Mais vu la gangrène qui avait déjà affecté les rouages de la Ville de Montréal, même dans l’état actuel de la fonction, c’est déjà un énorme progrès. « Et puis je vous dirais que c’est un « work in progress », le travail va forcément évoluer au fur et à mesure », ajoute le nouvel œil de la Ville. Rappelons que c’est à l’unanimité que le conseil municipal a approuvé au final sa nomination. Il faut dire que le gars arrive en poste avec un passé prestigieux.
UNE FICHE EN CARRIÈRE GARANTE DU FUTUR
Quand on consulte sa fiche biographique, on a de quoi être impressionné. Bien qu’elle ne soit pas exhaustive, voici un survol de son parcours qui en fait un ténor du barreau. Si le public l’a découvert cuisinant très bien les malfrats qui défilaient à la Commission Charbonneau, on savait peu de choses de lui.

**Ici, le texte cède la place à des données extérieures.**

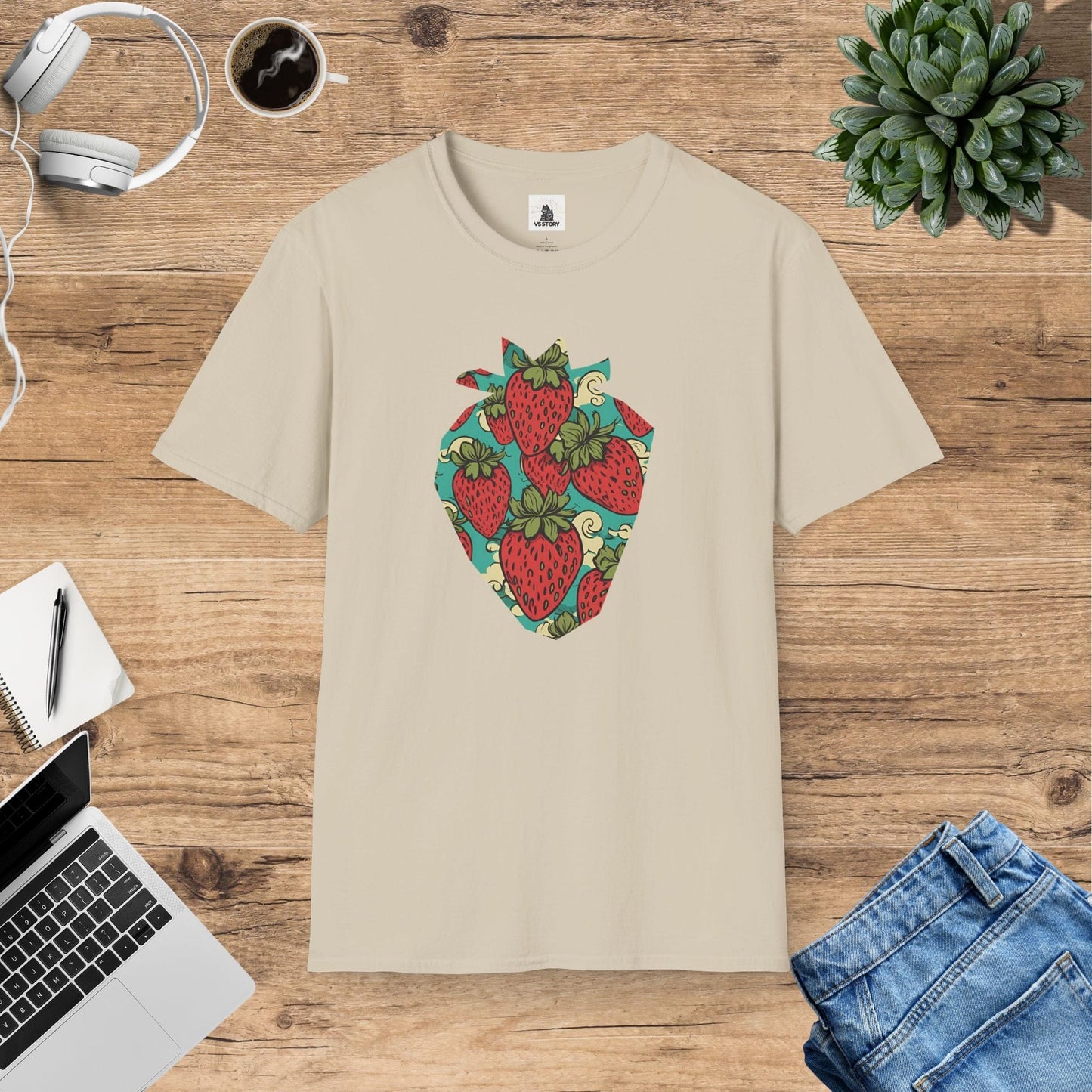Sweet Strawberry Serenade T-Shirt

Et pourtant il existait bien avant cette commission, comme en témoigne sa biographie. Me Gallant s’est retrouvé avocat de la défense à l’Aide juridique de Montréal. Ensuite il a été avocat-conseil et chef d’équipe au service des poursuites pénales du Canada.

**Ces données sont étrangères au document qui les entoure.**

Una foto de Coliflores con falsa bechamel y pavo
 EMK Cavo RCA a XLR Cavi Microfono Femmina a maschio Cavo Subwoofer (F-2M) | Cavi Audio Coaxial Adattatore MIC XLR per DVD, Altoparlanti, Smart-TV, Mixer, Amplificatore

Son champ d’expertise est les droits criminel et pénal. En plus de plaider devant toutes les instances de juridiction criminelle, il a supervisé une équipe de procureurs qui œuvrent dans les domaines du crime organisé, des stupéfiants et des produits de la criminalité. De 2001 à 2006 il exercera come substitut du procureur général du Québec au Bureau de la lutte contre le crime organisé. À titre de poursuivant il a plaidé des dossiers devant jury comme celui des motards Bandidos et du clan Kyling.

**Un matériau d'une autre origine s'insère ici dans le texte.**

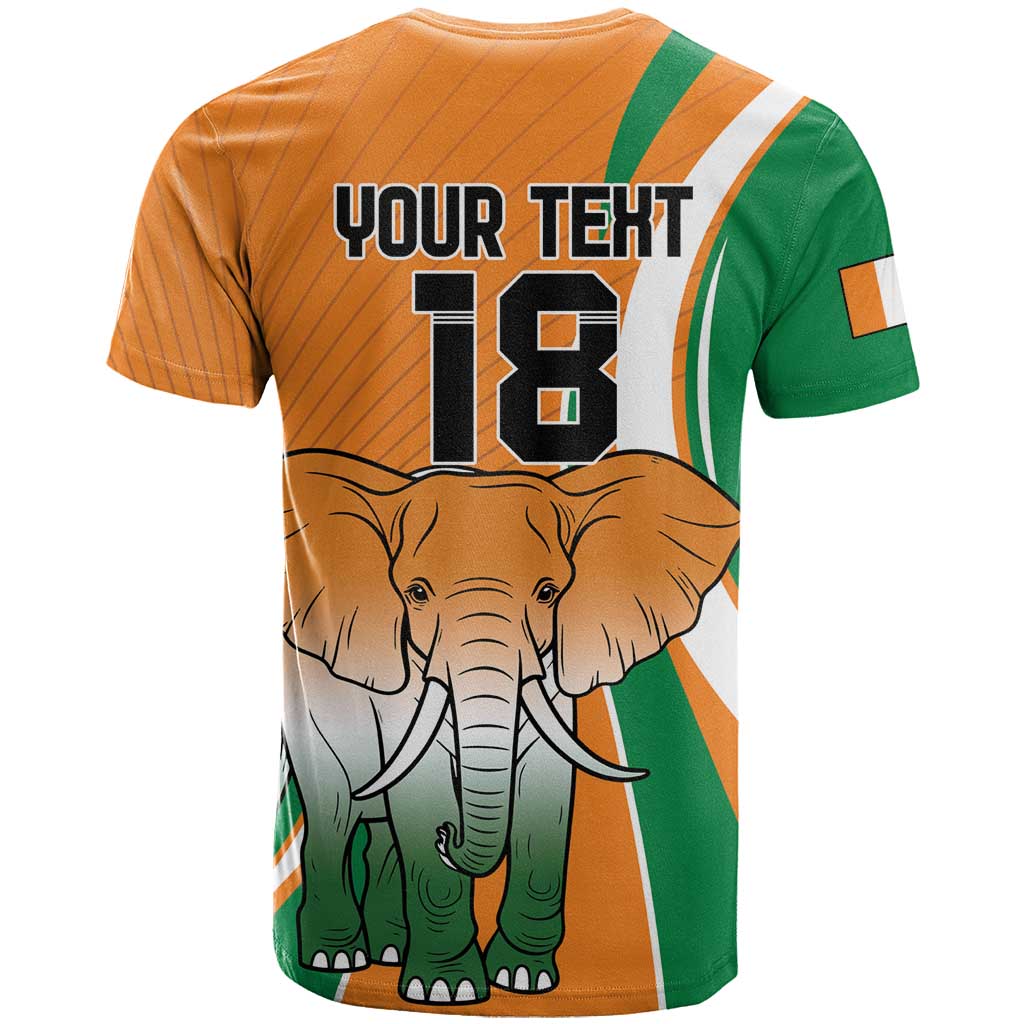 Custom Ivory Coast Football T-Shirt Les Elephants Spirit Graphic Tee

Ensuite, il ne faudrait pas passer sous silence sa contribution comme enseignants aux universités de l’UQAM, de Montréal et de Sherbrooke. En 2003 il enseignait entre autres le droit pénal à l’École du Barreau du Québec. Et il a fait partie de ceux qui ont révisé le matériel didactique de cette institution. De plus c’est un plaideur de renom qui a coaché des avocats de la relève dans le domaine. C’est donc dans cet homme fort que le maire place toute sa confiance pour traquer toute forme de criminalité à la Ville de Montréal.
MANDAT NON RENOUVELABLE
La beauté du cadre de son mandat est qu’il ne sera pas renouvelable. « J’ai un mandat de cinq ans, point à la ligne. Et déjà fin août prochain je dois produire un premier rapport. Je veux construire un bureau qui va me survivre. » Non, il ne faut pas relâcher la bride, car s’il est un fonctionnaire à sa façon, la mafia, elle, ne fait pas du 9 à 5 et les congés, elle ne connaît pas. Et en excellent juriste qu’il est, il sait que la mafia a une capacité extraordinaire d’adaptation. Il faudra qu’il la suive sans relâche. Disons que l’arrivée d’un inspecteur général est un pas dans la bonne direction.